L’Italia, con quasi 7 milioni di studenti delle scuole primarie e secondarie confinati a casa, è stato uno dei primi Paesi a chiudere le scuole e probabilmente sarà uno degli ultimi a riaprirle. Questo è particolarmente preoccupante se si considera la situazione critica che già caratterizza il panorama educativo italiano. È un fatto ormai generalmente accettato che la crisi generata dalla pandemia di Covid-19 sta avendo un notevole impatto sui contesti sociali più fragili esacerbando la situazione e intensificando le disparità esistenti
L’Italia, con quasi 7 milioni di studenti delle scuole primarie e secondarie confinati a casa, è stato uno dei primi Paesi a chiudere le scuole e probabilmente sarà uno degli ultimi a riaprirle.
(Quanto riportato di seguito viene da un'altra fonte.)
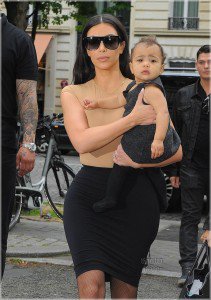 KIm-Kardashian-and-North-West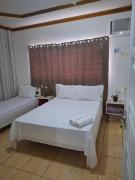 Quarto triplo com banheiro em Pousada e Restaurante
Questo è particolarmente preoccupante se si considera la situazione critica che già caratterizza il panorama educativo italiano. Secondo le ultime stime disponibili, tra il 2017 e il 2018 la percentuale di giovani che hanno abbandonato prematuramente la scuola è aumentata dal 14 al 14,5%, interrompendo così un trend decennale di lenta convergenza verso i più bassi valori medi europei (ASviS, 2019). I risultati relativi alle prove di valutazione delle competenze su scala nazionale (INVALSI) mostrano che i divari territoriali si stanno allargando, come confermato anche dai risultati dell’ultima indagine OCSE-PISA 2018 che indicano inoltre come le prestazioni degli studenti italiani non solo stiano peggiorando ma siano anche inferiori alla media OCSE. È un fatto ormai generalmente accettato che la crisi generata dalla pandemia di Covid-19 sta avendo un notevole impatto sui contesti sociali più fragili esacerbando la situazione e intensificando le disparità esistenti. Se da un lato si sono compiuti notevoli sforzi per assicurare il miglior adattamento possibile all’insegnamento a distanza, dall’altro permangono sfide che andrebbero tempestivamente affrontate. Il presente contributo prende pertanto in esame alcune tematiche di notevole rilevanza, in particolare:
- le implicazioni per il ruolo degli insegnanti
- la sfida – opportunità di ripensare il modello scolastico
- la questione dell’equità
- l’importanza di una governance pubblica efficace
I docenti oggi sono molto apprezzati sebbene gli investimenti nella loro professione rimangano insufficienti
La chiusura delle scuole ha portato a un’accelerazione senza precedenti, benché necessaria, nell’adozione di soluzioni di didattica a distanza. Come si ricorda in un post recentemente pubblicato su UNESCO GEM Report, l’introduzione delle tecnologie informatiche nel sistema educativo italiano è iniziata nel primo decennio di questo secolo ed è proseguita con il Piano Nazionale per la Scuola Digitale del 2015. Ciò nonostante, prima dell’inizio della pandemia di Covid-19, solo il 20% dei docenti aveva seguito dei corsi di formazione di alfabetizzazione digitale (Pasta, 2020). Secondo un recente rapporto OCSE, anche quando i docenti hanno a disposizione risorse professionali sull’utilizzo di dispositivi digitali, essi non dispongono né delle competenze tecniche e pedagogiche necessarie per integrare tali dispositivi nell’insegnamento, né del tempo necessario per preparare lezioni che ne prevedano l’utilizzo.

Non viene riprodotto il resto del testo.